If you are brand new I encourage you if you want to go back to episode 182 where I talk about abstinence versus moderation and my perspective. Now, the long and short of it is really simple, moderation focuses on a number, one glass, two glasses, three glasses. It focuses on how much. And the problem with that is that a number always disconnects you from how you actually feel and how alcohol feels in your body.
And you know what? The same amount of alcohol does not always feel the same. Two glasses tonight might feel different tomorrow and feel different the day after that, based on your stress levels, your mood, how much you slept last night, what you had to eat, how your immune system is doing, where you are in your cycle. Moderation just focuses on a number instead of your body and how you feel. It disconnects you because it’s all about following a rule rather than listening to cues, rather than responding to how you actually are in the present moment.
I will tell you and I know this because I did this myself, most people try to take their cues when it comes to moderating from everyone else other than themselves. They try to take their cues from, well, I don’t know how much does my partner drink, or my friend, or my sister, or this family member, or my colleague. What does this organization say is the right amount to have? What does this person, what does this doctor, what does this authority tell me is the correct amount?
When we’re focused on a number we take our cues from everyone else out in the world. But of course no one can know except for you how alcohol is going to feel on a given day. I want you to take your cues from you. I know that’s kind of mind blowing. I want you to decide, hey, what feels good for me not just in the moment but in the long term? What’s going to feel good tomorrow? Because if you’re struggling to moderate your drinking you’re not doing what feels good for you in the long term. You’re doing what feels good for you only in the moment.

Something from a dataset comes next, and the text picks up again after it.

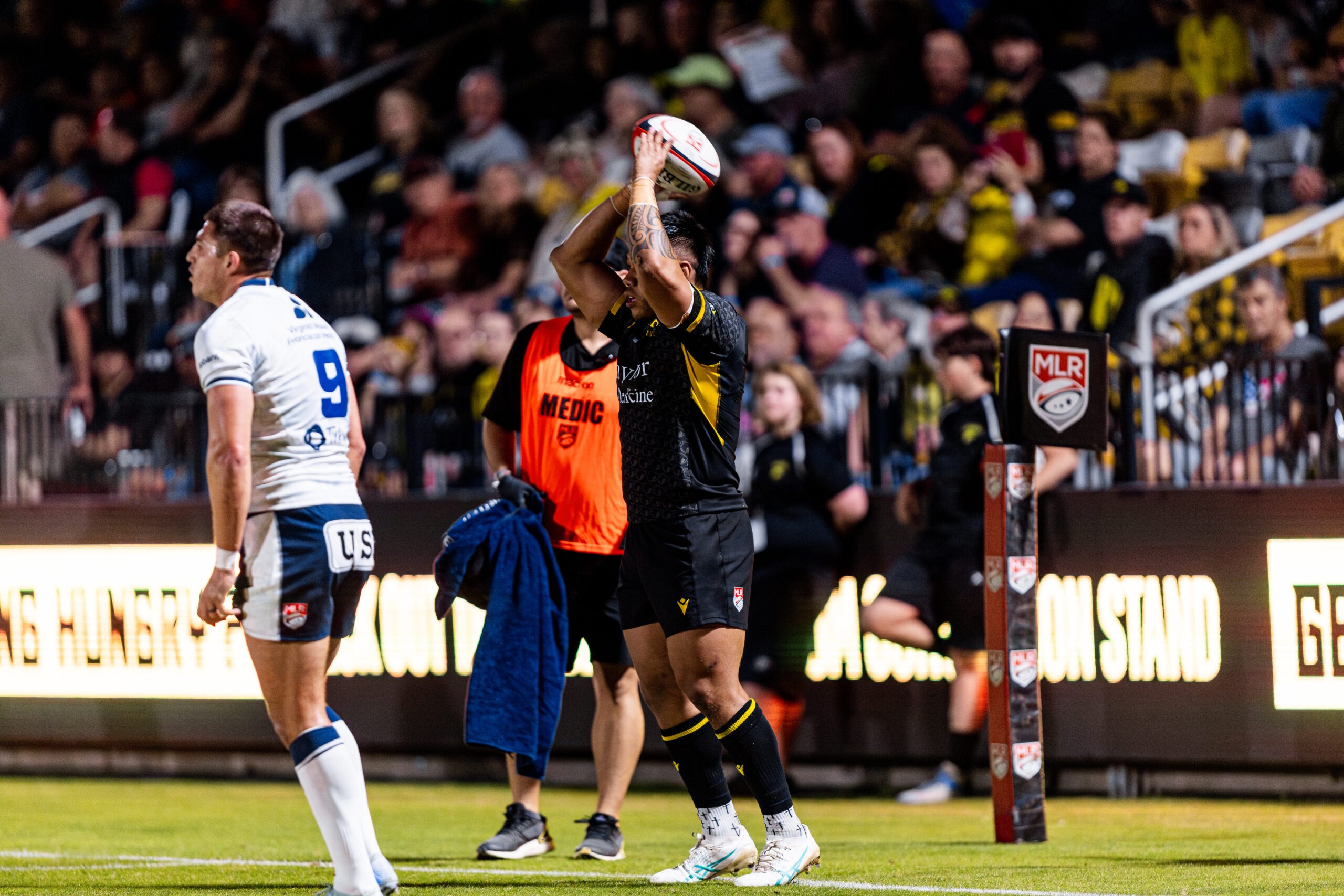 Houston SaberCats vs. Seattle Seawolves on 03/01/25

Doing what feels good for you in the long term, it’s about changing your relationship with alcohol and that does not come from fixating on a number. You can drink and you can have a great relationship with alcohol. You can drink and you can have a pretty bad relationship with alcohol but guess what? You cannot drink and you can have a pretty bad relationship with alcohol and you cannot drink and have a great relationship with alcohol.
The relationship that you have with the substance has nothing to do with the quantity and has everything to do with your ability to take cues from yourself. So, listen, I don’t really like the concept of moderating. I prefer the concept of stopping when it’s right for you and deciding what’s right for you and following that decision.
Now, this may look different on different nights. That may be a decision to have a drink to celebrate but knowing that you don’t ever have a drink to commiserate. That may be drinking to really savor what’s happening rather than drinking to escape or numb. You have to decide what feels good, and what is right for you, and what you like, and what gives you the results that you want. But the question remains regardless of how I feel about the term ‘moderation’, why do you struggle to say no? Why do you drink more than is good for you?
Now, maybe it feels good for you in the moment to say yes but it doesn’t feel good later in the evening, or later in the day, or the next day, otherwise you wouldn’t be here. Now, I just want to add this before we really dive into why it is you’re struggling to say no.
I work with a lot of people in the 30 Day Challenge who end up staying beyond the 30 days. So they take a break and they decide you know what? There’s more for me to explore. Or they really struggle taking a break. So they actually go through a couple go rounds before they get the full 30 days under their belt, which, by the way is totally normal.
But some of the people who decide to stay beyond and do some of the advanced work, they do at some point decide, you know what? I want to reintroduce alcohol but I want to do it differently than how I’ve done it in the past which is I just don’t drink for a certain number of days and then I decide it’s the first of the month so now I’m allowed to. So I help them figure out how to do that. How do we start to introduce alcohol mindfully?
And I have an exercise inside for people doing the advanced work called The Mindful Drink. And it takes a very conscious, very slow and deliberate approach to consuming alcohol. I will say that it really is such an eye opener for the people who do it, not everyone does it because not everyone actually is in that place where they want to reintroduce it. It was very eye opening for me.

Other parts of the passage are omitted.